About this task – The output should match, line for line, the records from the line containing "Toyota karo ve corona arka cam" through the line containing "عکس های خیابانی", with every picture left out.

Entries supplied –
⁂
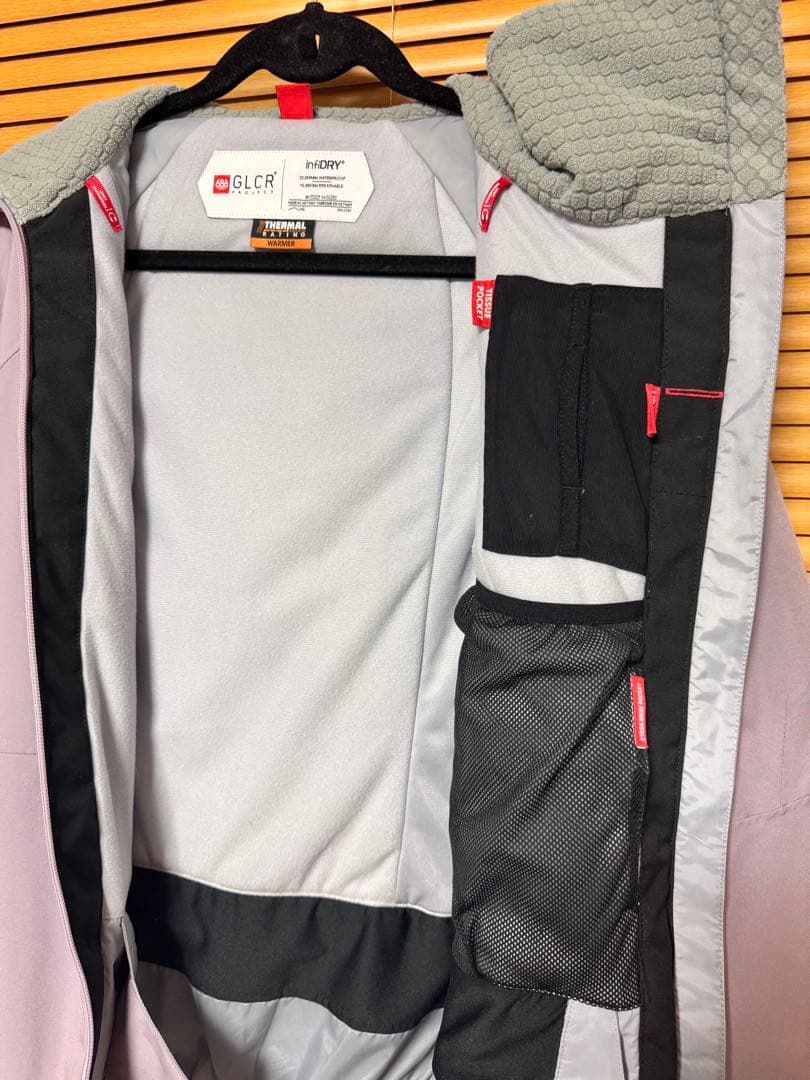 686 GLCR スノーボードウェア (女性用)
⁂
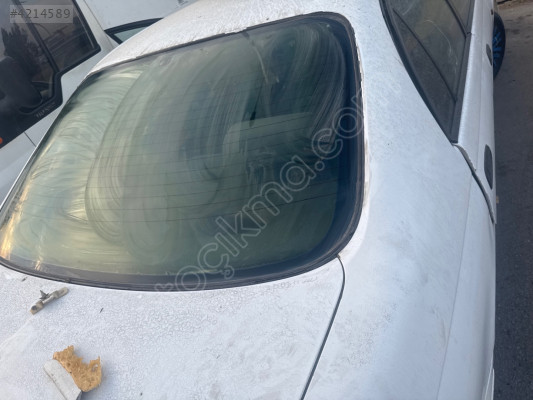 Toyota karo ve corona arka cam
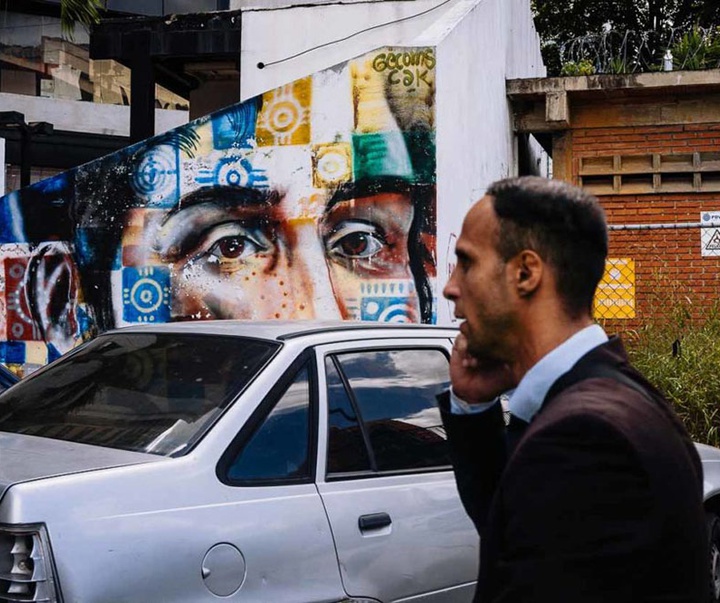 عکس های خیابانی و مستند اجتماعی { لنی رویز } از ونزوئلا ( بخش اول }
⁂
Result of the task –
 Toyota karo ve corona arka cam
 عکس های خیابانی و مستند اجتماعی { لنی رویز } از ونزوئلا ( بخش اول }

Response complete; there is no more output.